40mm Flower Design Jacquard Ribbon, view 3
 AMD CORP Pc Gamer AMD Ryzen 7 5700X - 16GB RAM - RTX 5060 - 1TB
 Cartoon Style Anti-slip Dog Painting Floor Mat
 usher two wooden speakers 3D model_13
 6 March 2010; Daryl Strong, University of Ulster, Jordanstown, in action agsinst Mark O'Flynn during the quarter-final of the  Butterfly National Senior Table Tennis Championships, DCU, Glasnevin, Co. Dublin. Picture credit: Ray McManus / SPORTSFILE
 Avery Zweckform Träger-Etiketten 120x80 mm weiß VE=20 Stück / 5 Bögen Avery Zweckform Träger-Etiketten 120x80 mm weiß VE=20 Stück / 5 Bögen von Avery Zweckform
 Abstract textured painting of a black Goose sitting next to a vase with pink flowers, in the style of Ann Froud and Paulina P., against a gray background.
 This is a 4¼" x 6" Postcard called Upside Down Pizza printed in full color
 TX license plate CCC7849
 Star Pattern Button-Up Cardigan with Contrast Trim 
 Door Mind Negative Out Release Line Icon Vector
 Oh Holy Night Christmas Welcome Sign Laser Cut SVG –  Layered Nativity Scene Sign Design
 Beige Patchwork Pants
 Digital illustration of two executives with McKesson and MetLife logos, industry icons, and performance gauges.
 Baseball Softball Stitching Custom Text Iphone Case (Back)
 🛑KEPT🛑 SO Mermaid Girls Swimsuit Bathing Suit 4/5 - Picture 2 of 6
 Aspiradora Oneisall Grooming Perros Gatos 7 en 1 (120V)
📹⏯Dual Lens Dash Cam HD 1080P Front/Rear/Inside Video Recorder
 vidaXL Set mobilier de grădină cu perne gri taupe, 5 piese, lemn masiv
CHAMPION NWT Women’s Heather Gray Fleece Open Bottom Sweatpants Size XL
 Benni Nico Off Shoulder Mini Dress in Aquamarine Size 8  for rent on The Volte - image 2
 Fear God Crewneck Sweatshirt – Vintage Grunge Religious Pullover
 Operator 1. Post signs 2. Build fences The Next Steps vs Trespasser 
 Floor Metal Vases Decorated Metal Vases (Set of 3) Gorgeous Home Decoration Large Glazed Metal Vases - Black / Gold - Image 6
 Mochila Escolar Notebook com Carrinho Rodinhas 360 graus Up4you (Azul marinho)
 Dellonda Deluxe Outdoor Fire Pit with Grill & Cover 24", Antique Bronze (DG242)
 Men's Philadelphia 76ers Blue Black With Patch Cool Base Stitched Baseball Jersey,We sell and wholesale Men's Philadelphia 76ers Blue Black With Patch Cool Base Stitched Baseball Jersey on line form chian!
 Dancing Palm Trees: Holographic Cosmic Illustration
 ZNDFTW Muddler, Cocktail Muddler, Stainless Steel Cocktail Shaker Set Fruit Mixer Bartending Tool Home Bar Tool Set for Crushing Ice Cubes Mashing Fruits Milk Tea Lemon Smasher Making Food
════════
▸ **AIM OF THE EXERCISE**: For every line of the material above that contains the word "Design", show the line.

▸ **REPLY TO THE TASK**:
40mm Flower Design Jacquard Ribbon, view 3
 Oh Holy Night Christmas Welcome Sign Laser Cut SVG –  Layered Nativity Scene Sign Design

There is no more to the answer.